This is dramatically underselling it. There is not a single DAO anybody can point to as a good model of collective ownership at scale.

First, DAOs are too new- the first one ever was 2016. Anybody who claims to be able to draw trends out of the poorly-defined, turbulent, fraud-ridden, brand-new space we call “DAOs” sounds to me like they are making a sales pitch and have nothing substantive to offer.

Second, participation in DAOs is overwhelmingly driven by unreglated speculation on the value of the instrument of participation (typically a coin or token.) Any co-op that joins the DAO model is openly welcoming manipulation by those speculators, who have practically no incentive to see the co-op actually succeed as long as they can pump the value of their holding and then get out while the getting’s good.

PartyDAO came together, raised $100k, then quickly built and shipped an impressive product that allows for collective bidding and fractionalized ownership

A casino. PartyDAO gathered a bunch of people’s poker chips and created their own third-rate unregulated casino. Their model is to take a 2.5% rake of people’s auction winnings.

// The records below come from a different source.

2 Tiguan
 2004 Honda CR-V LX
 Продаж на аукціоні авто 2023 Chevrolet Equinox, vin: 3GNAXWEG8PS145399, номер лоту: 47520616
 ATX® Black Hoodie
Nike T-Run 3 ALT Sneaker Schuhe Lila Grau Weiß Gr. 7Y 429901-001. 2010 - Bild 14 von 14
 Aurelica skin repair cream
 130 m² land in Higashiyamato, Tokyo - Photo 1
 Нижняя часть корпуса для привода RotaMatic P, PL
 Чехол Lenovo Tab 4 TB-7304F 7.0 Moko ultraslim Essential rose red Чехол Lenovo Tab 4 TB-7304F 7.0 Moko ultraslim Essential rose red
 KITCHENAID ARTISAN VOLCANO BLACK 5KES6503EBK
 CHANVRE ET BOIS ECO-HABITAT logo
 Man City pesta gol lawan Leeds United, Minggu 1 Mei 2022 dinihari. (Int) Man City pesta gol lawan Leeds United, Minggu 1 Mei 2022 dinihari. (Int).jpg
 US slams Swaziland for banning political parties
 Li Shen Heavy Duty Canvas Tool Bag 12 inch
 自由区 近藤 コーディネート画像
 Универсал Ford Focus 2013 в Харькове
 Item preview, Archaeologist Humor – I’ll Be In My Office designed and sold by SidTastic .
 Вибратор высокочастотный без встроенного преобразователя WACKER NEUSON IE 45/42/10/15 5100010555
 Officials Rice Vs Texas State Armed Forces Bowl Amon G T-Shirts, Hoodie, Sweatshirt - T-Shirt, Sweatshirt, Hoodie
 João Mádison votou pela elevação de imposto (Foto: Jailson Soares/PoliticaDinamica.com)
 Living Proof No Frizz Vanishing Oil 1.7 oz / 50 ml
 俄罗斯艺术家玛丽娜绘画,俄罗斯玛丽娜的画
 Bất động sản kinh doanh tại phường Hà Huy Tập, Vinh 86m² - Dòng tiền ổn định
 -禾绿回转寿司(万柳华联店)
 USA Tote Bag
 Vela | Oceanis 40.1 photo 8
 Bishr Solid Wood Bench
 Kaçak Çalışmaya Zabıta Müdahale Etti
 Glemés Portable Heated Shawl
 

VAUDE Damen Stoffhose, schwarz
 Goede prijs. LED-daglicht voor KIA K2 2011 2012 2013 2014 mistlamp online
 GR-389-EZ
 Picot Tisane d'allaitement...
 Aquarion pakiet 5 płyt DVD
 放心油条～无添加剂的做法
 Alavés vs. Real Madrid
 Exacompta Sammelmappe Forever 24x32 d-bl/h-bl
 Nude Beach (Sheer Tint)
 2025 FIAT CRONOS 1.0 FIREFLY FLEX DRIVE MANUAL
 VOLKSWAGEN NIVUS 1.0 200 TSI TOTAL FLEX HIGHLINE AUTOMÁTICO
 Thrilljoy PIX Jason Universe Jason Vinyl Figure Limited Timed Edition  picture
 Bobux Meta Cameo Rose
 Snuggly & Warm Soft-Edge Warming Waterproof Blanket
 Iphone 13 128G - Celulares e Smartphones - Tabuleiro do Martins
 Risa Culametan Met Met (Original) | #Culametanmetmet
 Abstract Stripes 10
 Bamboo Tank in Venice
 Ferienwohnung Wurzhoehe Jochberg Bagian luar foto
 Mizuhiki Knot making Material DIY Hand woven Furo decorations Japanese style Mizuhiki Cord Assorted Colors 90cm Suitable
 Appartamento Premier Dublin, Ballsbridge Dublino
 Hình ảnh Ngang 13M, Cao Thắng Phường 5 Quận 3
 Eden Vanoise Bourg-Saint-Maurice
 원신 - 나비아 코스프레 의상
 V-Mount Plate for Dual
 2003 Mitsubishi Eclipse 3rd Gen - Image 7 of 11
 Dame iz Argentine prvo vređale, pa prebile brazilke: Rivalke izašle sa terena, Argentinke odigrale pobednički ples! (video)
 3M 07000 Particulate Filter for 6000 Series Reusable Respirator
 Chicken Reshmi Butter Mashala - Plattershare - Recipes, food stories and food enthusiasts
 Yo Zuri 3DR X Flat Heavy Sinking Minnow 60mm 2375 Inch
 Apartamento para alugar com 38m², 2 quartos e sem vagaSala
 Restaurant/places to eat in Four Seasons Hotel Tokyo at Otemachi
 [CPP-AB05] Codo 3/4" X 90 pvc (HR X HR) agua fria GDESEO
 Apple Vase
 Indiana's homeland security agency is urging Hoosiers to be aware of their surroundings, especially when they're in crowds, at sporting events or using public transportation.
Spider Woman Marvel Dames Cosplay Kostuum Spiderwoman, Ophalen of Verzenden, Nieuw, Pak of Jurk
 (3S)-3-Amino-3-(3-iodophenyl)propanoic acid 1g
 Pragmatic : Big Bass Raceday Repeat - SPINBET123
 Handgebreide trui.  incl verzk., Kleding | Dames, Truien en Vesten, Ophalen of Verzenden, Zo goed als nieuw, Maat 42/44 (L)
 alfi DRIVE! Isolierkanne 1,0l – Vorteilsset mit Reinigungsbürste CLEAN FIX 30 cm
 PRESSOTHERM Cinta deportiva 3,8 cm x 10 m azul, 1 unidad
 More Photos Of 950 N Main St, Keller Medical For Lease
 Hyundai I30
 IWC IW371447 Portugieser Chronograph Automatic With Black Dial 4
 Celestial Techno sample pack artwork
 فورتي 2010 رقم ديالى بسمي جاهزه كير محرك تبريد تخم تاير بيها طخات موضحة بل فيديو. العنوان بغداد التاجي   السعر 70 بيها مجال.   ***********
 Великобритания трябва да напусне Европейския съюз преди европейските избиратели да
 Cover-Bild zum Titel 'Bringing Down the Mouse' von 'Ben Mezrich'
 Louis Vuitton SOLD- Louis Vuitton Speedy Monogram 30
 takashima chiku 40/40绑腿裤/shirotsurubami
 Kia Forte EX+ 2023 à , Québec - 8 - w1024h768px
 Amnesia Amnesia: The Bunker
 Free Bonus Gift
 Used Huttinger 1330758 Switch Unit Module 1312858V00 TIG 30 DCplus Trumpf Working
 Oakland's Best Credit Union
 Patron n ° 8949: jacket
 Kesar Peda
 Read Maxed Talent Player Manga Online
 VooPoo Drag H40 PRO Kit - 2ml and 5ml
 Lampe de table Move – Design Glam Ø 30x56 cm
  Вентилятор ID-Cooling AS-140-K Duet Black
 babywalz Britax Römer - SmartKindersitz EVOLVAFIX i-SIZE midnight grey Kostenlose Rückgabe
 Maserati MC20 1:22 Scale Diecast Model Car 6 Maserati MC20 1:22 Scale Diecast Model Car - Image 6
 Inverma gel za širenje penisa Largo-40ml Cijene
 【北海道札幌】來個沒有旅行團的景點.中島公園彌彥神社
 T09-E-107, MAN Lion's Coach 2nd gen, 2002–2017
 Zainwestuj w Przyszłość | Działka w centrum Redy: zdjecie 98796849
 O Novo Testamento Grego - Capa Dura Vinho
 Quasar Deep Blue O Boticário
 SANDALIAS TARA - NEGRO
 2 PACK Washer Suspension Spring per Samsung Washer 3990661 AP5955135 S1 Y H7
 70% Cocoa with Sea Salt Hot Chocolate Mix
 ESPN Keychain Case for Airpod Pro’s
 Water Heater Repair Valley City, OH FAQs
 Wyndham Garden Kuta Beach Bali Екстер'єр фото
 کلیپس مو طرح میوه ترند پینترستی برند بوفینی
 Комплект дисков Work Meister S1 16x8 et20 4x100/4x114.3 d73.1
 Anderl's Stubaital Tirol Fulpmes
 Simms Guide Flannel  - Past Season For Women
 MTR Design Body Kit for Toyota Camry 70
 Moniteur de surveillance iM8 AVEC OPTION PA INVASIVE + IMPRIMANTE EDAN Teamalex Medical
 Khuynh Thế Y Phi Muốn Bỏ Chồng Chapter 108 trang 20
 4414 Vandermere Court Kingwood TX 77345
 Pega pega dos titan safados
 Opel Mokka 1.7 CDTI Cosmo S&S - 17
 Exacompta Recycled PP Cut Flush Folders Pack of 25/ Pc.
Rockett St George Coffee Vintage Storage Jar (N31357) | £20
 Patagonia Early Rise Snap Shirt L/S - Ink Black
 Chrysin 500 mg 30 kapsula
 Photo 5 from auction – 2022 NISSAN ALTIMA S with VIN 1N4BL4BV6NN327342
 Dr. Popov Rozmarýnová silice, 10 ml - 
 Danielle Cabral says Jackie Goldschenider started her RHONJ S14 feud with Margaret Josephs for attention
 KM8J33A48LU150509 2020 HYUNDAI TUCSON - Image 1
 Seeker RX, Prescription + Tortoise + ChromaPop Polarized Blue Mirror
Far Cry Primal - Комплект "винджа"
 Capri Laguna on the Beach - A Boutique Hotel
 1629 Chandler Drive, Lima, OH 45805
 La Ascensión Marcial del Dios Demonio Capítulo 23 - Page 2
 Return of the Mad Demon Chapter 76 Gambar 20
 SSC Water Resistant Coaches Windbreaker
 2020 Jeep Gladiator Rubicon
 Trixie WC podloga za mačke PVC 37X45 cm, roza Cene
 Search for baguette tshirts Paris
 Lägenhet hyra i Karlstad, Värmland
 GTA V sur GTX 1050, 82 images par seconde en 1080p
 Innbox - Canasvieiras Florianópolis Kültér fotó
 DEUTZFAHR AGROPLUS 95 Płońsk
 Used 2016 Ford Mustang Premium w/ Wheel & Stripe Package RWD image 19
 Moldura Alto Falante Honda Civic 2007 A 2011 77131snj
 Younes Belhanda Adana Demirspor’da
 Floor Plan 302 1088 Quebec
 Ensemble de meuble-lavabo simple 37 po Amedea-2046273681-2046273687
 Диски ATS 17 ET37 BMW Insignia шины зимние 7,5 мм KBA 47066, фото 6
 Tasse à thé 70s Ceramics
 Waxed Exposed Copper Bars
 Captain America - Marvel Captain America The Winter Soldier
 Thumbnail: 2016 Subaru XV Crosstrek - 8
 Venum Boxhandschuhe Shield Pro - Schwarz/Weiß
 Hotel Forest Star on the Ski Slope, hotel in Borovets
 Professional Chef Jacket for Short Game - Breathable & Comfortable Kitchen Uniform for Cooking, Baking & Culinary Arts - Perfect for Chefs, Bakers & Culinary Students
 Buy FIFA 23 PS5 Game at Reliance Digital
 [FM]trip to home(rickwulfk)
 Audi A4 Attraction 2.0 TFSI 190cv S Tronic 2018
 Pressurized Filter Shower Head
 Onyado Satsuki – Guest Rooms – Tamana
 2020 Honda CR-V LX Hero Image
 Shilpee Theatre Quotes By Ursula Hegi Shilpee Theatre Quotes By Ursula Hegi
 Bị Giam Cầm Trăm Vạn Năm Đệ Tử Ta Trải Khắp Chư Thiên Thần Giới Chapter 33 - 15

All the auction “goods” are digital tokens (poker chips.)

Cooperatives, by contrast, often spend a lot of time hand-wringing with lawyers over bylaws and the process of incorporation, making them considerably more difficult to set up than a traditional company.

…because cooperatives are usually not attempting to establish an unregulated casino. Which the lawyers would dutifully inform them would expose them to terrific risk.

Without [$HNT, the Helium] token, and clever economic incentives, it’s hard to conceive how a decentralized network on [the scale of Helium] could take shape.

It’s called “open WiFi” and it’s far greater in scale than Helium is or ever will be. I can access three open WiFi networks from my couch in my living room. The nearest Helium link is a quarter mile away and, because the Helium Blockchain is open to all for inspection, I can see that it’s “earned” $2.22, less than the bakery with open WiFi earned when I went in for fresh rolls today.

And of course, that $2.22 is based on the going rate for Helium tokens, which is artificially inflated because the speculators who mine $HNT are hodling their WiFi tokens, not using them to pay bills. Would you believe it? Another unregulated casino.

I hope Resonate stays out of the gambling business and that co-ops learn the obvious lesson from DAOs: finance bros do not have your interests at heart, and if you’re thinking about taking their money, you should definitely have your boring lawyers and bylaws in order.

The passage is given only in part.